In the following chapters I will explain how it works.

这是最终版的自动机. 它同时满足复杂度和步数限制, 分别是370复杂度和21.25平均步数.
其包含两个额外的硬件: 一个开关 Carry (进位), 一个累加器叫做 Index (序号).
下面的章节里我会讲解其如何运作.

For simplicity we first consider this automaton. It has avg step 30+, but it can be optimized to obtain the final version.
We compute the addition of two binary numbers from right to left. In this progress, we use Carry to record the addition carry, Index to record which digit we have added (0 for the first digit from right, 1 for the second, etc.).
For each digit, we start from the node Q1. Here we have 4 situations:
(here I say Carry is 0 means it's off, and set it to 0 means turn it off. similar for 1.)

• A1, A2, Carry are all 0. Then we set A3 to 0, Carry to 0.
  
• Exactly one of A1, A2, Carry is 1. Then we set A3 to 1, Carry to 0.
  
• Exactly two of A1, A2, Carry are 1. Then we set A3 to 0, Carry to 1.
  
• A1, A2, Carry are all 1. Then we set A3 to 1, Carry to 1.

However, we dont need really to set A3 to 0 in the first and the third situation,
since it's 0 at the beginning.
Also if Carry doesn't change, we don't need to set it.
E.g. if A1, is 1, A2 is 0, Carry is 1, then we can do nothing, because we need to set A3 to 0 and turn Carry on (which is already on).

So we can reconsider all the 8 situations and find that here is acturally 4 situations:

• If (A1, A2, Carry) = (0,0,0) or (1,0,1) or (0,1,1), do nothing.
  
• If (A1, A2, Carry) = (1,1,1) or (1,0,0) or (0,1,0), set A3 to 1.
  
• If (A1, A2, Carry) = (1,1,0), turn Carry on.
  
• If (A1, A2, Carry) = (0,0,1), set A3 to 1 and turn Carry off.

So we have three nodes Q2, Q3, Q4 and 6 transitions... why not 8? Don't forget we have a "Default" transition.

After we do something we get to the node Q5. Here we increase the counter Index, and move A1/A2/A3 to left. If we get to the final digit, just check carry: if carry is on, set the highest digit of A3 to 1. If not the final digit (Index < 5), return to Q1 and repeat the algorithm.

中文解释先鸽了.

How can we optimize the automaton above? It need 30.10 avg steps.
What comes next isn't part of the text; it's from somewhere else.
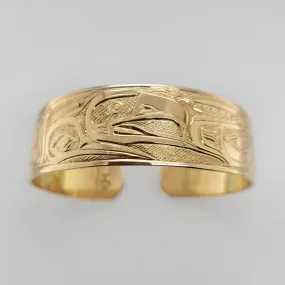 Gold Hummingbird, Eagle, & Orca Bracelet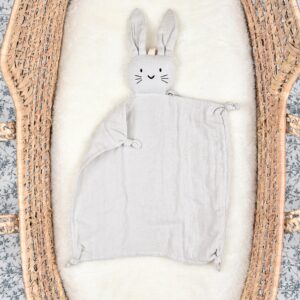 Schmusetuch aus Bio-Baumwolle Silbergrau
Notice that we have a useless node Q1. We need pass it 5 times. (In this game, steps count all nodes and transitions you passed. So pass one node acturally gives two steps).
How can we remove it?

Oh, it's simple.
We just copy all transitions from it to the start node and the node Q5 (the copy to Q5 must add the condition "T(Index, {0,1,2,3,4})").
But now it does't work.
This is because we have a "Default" transition from Q1 to Q5.
We want to copy it to a transition from Q5 to Q5 with condition "T(Index, {0,1,2,3,4})",
but it's conflict with all other transitions from Q5 to Q2/Q3/Q4.
If we just make a transition from Q5 to Q5 with "Default", it may cause an infinite loop.
So we create a new node, with a transition with "T(Index, {5}) and T(Carry, {Off})" from Q5 to it,
then just make a transition from Q5 to itself with "Default". Now there is no infinite loop.

Here is another problem: the complexity exceeds the restriction.
We see that at the start node, Carry is must off.
So there is just 4 situation from the start node, and we can use only 3 transitions (by using the default transition).
Now we get the final version of the automaton in the first chapter.